Vote blue, get crap!

You can somewhat see the logic behind "a senior Tory source" being given the OK to brief the Sun and the Mail that our dear PM said it's time to "get rid of all this green crap." Forced into a corner by Ed Miliband's conference speech, and apparently unprepared to go after the big six energy companies for putting up energy prices year after year, the quick fix appeared obvious: dump the subsidies for green energy and the vulnerable which appear on the bill and instead fund them out of general taxation. You'll still pay, you just won't have it pointed out in black and white every quarter. As the source said, it's no longer vote blue, go green, it's vote blue, get real!

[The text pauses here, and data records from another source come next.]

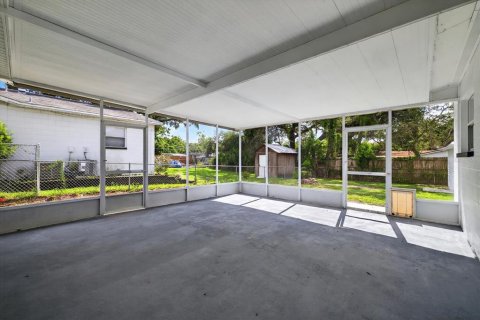 Villa ou maison à vendre à Tampa, Floride: 3 chambres, 120.77 m2 № 1884705 - photo 20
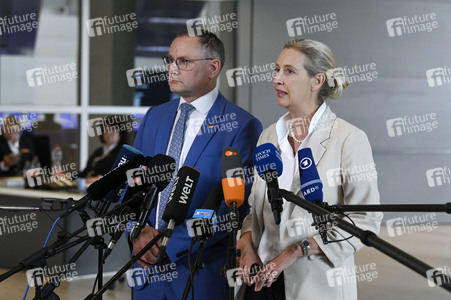 19 Sitzung des Deutschen Bundestages in Berlin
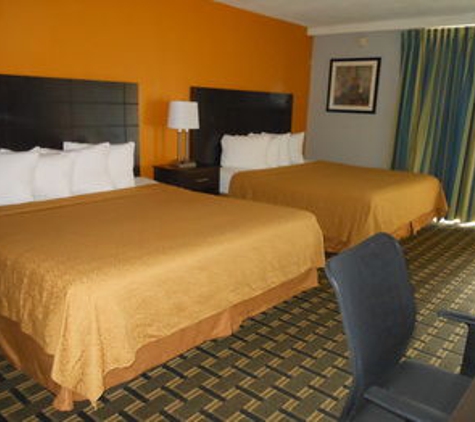 Ramada by Wyndham Davenport Orlando South - Davenport, FL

Choosing to brief the Sun, which has long since lost its short-lived enthusiasm for all things green due to the sad defenestration of James Murdoch, with Keith never missing an opportunity to tweet about how wonderful fracking is, and the equally antediluvian Mail with Dave's new creed was just bound to lead to positive coverage. Right? Well yes, except for how it pretty much represents the final renunciation of everything he and his supposedly changed party were meant to be for prior to the 2010 election. You can make a case that the coalition's welfare reforms are at least partially about fixing the "broken society" we heard so much about before the election and almost nothing about since, but no one can argue with a straight face the big society has amounted to anything. It was always hysterical that the Tories, plenty of whom are unconvinced climate change is man-made would be the "greenest government ever", yet Cameron went as far as to change the party's damn logo to a tree, not to mention put a mini wind turbine on his house. To abandon it all leaves the equivalent of a gaping hole in the middle of his head.

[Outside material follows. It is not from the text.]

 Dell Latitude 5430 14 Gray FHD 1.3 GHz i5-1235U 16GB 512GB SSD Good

Little wonder then even ConservativeHome is wondering exactly what Dave is for.  We should perhaps mention Downing Street are denying Dave specifically said the words attributed him by both the Mail and the Sun, but seeing as Cameron and friends have been touting reducing the green levies for a good few weeks now, it hardly seems the source made up the colourful line for exaggerated effect.  Rather, it reflects both the strategy we're told Lynton Crosby has advised, the scraping of "the barnacles off the boat", getting rid of extraneous policies that distract from all those marvellous things the coalition has achieved, such as reducing the deficit (currently £53bn higher than Osborne had planned it to be by this point), welfare reform (don't mention universal credit), immigration controls (net migration nowhere near the promised reduction to under 100,000 a year) and better schools (so long as you want your children to go somewhere that resembles a prison), and Cameron's gambit of saying the smaller state is a good thing, and that you really can do more with less.

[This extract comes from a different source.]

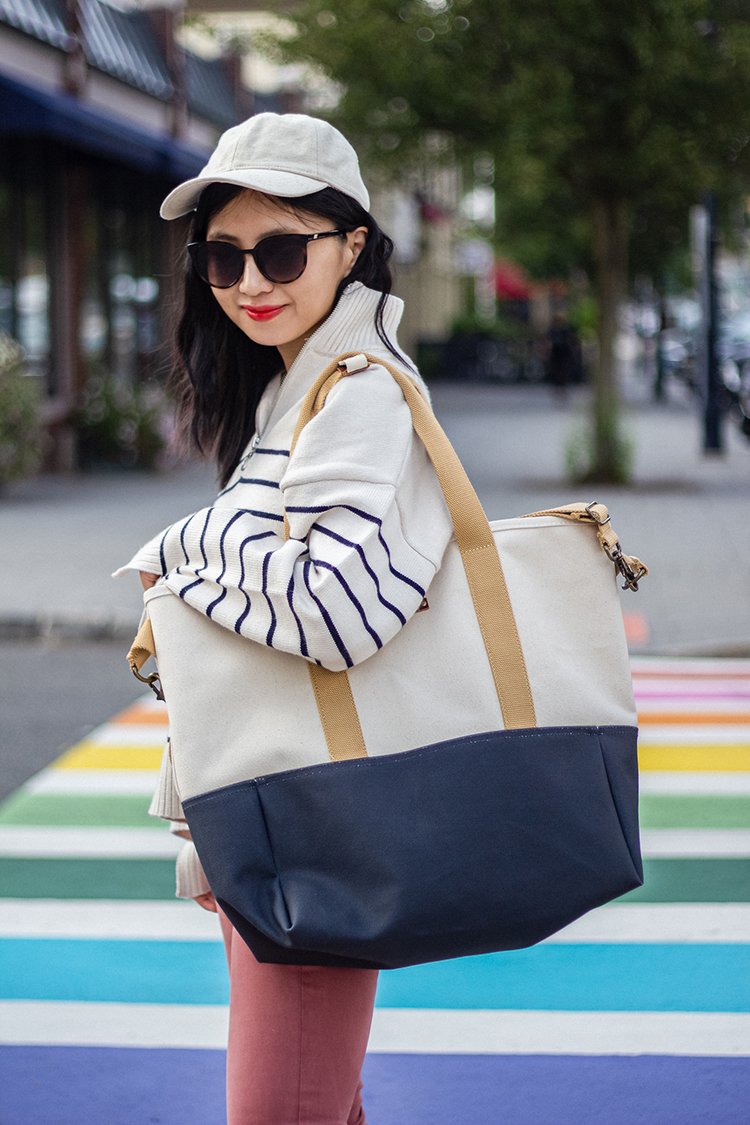 The Boat Tote, a Summertime Favorite, Is Now a Street Style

Like with the interesting decision by Danny Alexander to say the coalition couldn't have achieved economic stagnation for three years without his party's input, it's certainly one strategy.  The problem is, just as there's little evidence for a shift to the left among the wider public, although Miliband's conference speech undoubtedly brought us towards today, the idea that by returning to their traditional core themes the Conservatives are likely to see their decline arrested simply doesn't stand up.  Despite some of the more old school Tory MPs believing they would have won outright in 2010 if Cameron hadn't gone in for hugging huskies and all the rest, the real problem was, as Nick Boles this week admitted, most people don't believe the party has changed.  They still see it as the party of the rich, policies such as getting rid of the 50p top rate of tax at the first possible opportunity hardly doing much to alter the perception.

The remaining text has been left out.